Aujourd’hui, dès que j’ai un moment de liberté, je vais à Châteauroux.

Vous comprenez aujourd’hui le lien que vous avez réussi à créer avec Châteauroux, une ville où vous n’aviez aucune attache ? C’est étrange, c’est vrai, mais je me suis tout de suite bien senti avec tout le monde. À un moment, je jouais avec quelques anciens dans une équipe de vétérans, on mangeait tous ensemble… Au total, j’ai quand même coaché le club plus de 150 matchs. Il y a eu des hauts, des bas, des engueulades, des joies, et aujourd’hui, dès que j’ai un moment de liberté, je vais à Châteauroux. Je me promène dans la ville, tout le monde me connaît, alors que la première fois que je suis venu, je ne connaissais rien. J’étais juste venu jouer deux fois quand j’étais joueur au Matra Racing : une fois en Coupe d’été, une autre quand on est montés en D1, en 1984. Notre dernier match s’est joué à Châteauroux. On gagne 4-0, on rentre aux vestiaires, on croit qu’on termine champions de notre poule, mais entre-temps, Tours égalise contre Dunkerque, et on doit faire les barrages. On a quand même réussi à monter, mais c’était mon premier lien avec la Berrichonne. Quand j’étais à Laval, il m’arrivait aussi de passer en voiture par Châteauroux. Je dormais souvent à la sortie de la ville lorsque je retournais sur Marseille.

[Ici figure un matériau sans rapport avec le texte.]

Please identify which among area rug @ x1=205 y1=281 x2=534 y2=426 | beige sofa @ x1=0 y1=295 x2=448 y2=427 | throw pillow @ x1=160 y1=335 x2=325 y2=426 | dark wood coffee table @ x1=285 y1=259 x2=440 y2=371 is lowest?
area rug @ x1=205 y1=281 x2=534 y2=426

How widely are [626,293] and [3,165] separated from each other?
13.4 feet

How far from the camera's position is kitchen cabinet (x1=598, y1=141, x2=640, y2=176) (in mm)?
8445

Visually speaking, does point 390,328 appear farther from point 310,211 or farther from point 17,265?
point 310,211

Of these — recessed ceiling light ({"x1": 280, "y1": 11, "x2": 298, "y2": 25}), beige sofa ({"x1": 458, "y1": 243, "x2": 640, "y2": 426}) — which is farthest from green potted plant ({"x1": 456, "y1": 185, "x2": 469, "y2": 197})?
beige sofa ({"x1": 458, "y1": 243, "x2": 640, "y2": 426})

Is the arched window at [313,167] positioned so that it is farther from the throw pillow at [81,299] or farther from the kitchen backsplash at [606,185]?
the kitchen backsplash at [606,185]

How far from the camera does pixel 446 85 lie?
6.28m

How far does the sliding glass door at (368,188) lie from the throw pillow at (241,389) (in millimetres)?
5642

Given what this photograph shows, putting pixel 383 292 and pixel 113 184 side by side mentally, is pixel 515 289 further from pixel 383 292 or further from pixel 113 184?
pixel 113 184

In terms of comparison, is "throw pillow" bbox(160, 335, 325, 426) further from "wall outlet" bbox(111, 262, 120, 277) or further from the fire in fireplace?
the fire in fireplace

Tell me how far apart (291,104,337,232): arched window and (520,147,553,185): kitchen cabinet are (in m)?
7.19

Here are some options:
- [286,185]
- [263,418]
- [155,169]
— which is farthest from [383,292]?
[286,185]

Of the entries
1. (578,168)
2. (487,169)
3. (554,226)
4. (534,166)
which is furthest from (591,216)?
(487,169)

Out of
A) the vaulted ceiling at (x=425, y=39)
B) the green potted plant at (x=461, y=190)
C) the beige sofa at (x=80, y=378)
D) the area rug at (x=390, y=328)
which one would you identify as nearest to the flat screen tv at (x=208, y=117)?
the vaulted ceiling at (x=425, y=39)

Que reste-t-il aujourd’hui de la fierté d’avoir fait monter toute la ville à Paris ? Une grande joie, mais il y a aussi une petite déception, que je n’arrive toujours pas à m’expliquer. On a fait cette finale de Coupe de France, mais j’ai eu la sensation que la mairie n’a pas pleinement pris la mesure de cet événement, de ce qu’on a pu apporter à toute une ville, toute une région. Le lendemain de la finale, on est arrivé à Gaston-Petit, 50 supporters nous attendaient sur le parking, mais aucune réception. Rien. Au revoir, à l’année prochaine. Ça m’est resté en travers de la gorge. Quand on sait ce qu’il a pu se passer dans d’autres villes comme Calais, Quevilly… Il y a eu la fête malgré la défaite. Chez nous, il n’y a rien eu. Tout s’est arrêté très brutalement, très froidement. Finalement, la vraie fête, ça aura été l’après demi-finale : on s’est promené dans Châteauroux très tard, on a été en boîte de nuit…

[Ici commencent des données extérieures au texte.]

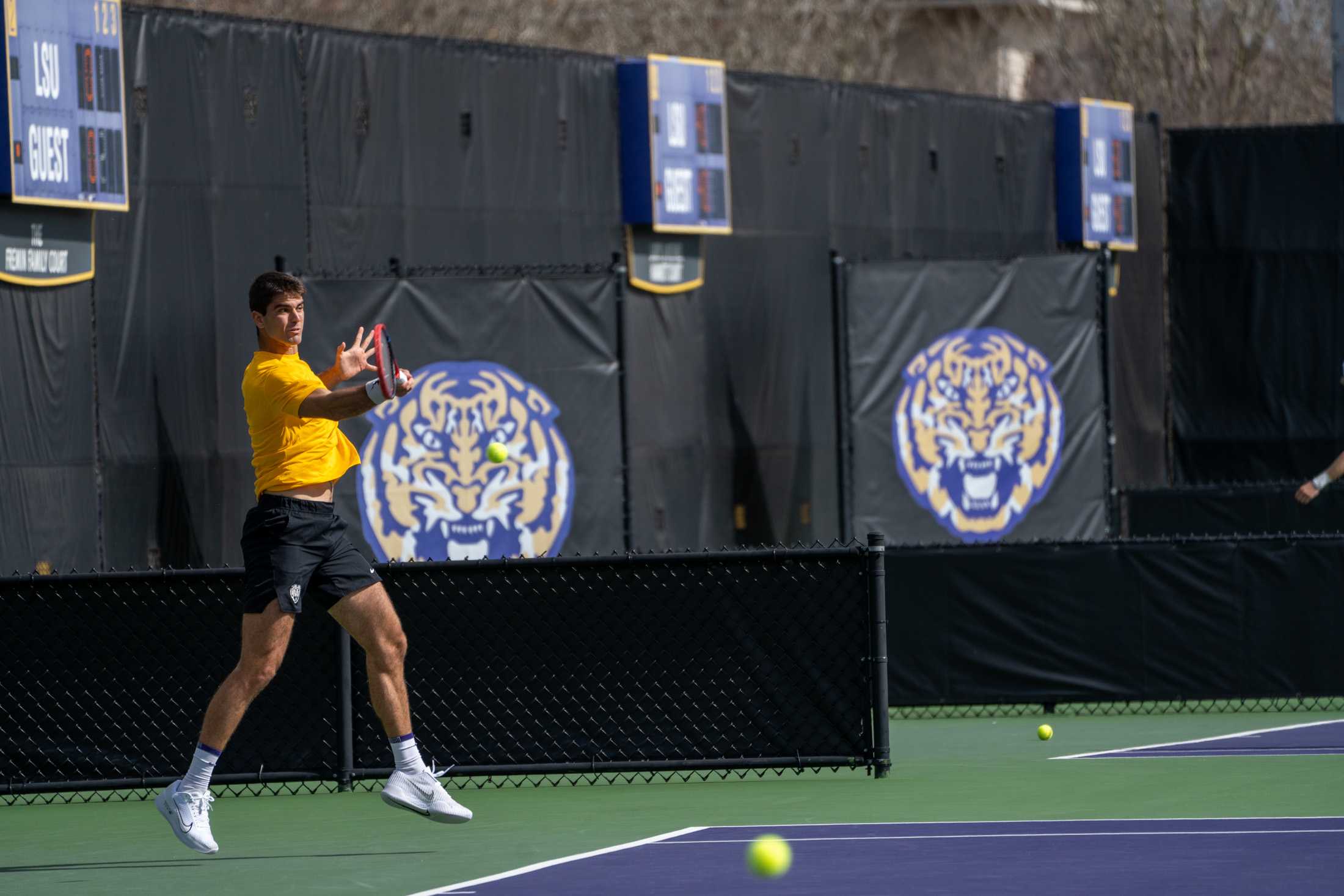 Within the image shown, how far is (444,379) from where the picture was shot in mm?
16266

Avez-vous revu ou relu des choses sur cette aventure ces derniers jours ? J’ai vu que le club avait fait une petite série avec des anciens, notamment Armindo Ferreira. C’est la première fois que je revois des images de la finale. J’ai donc repensé aux occasions dont on parlait tout à l’heure. Par exemple, j’ai revu la frappe d’Algerino en fin de match que Letizi sort bien. J’ai aussi revu le tournant du match, le fait que le corner qui amène au but de Pauleta vienne à la suite d’une erreur d’appréciation de Wissam El Bekri. Puis, je me suis refait le fil. La veille du match, les gars étaient dans le vestiaire et prenaient des photos. Ils se disaient : « En 1998, il y avait tel mec à cette place… » Je me souviens aussi que notre médecin avait été tirer des penaltys sur la pelouse. On était dans notre petit rêve, quoi. (Rires.) Une scène m’est également revenue à l’esprit : à la mi-temps de la finale, je sors du vestiaire, je veux aller aux toilettes et au niveau de la douche, je vois El Bekri se remettre du gel. Derrière, il nous fait cette erreur fatale. Je lui ai mis une avoinée. (Rires.) Des petits flashs sont revenus ces derniers jours, des petits détails, des petites scènes. Je me suis, par exemple, aussi revu demander à l’arbitre de mettre un carton à Ljuboja parce que j’avais repéré qu’il portait un petit collier… Mais bon, il n’avait rien à faire de Zvunka et de la Berrichonne.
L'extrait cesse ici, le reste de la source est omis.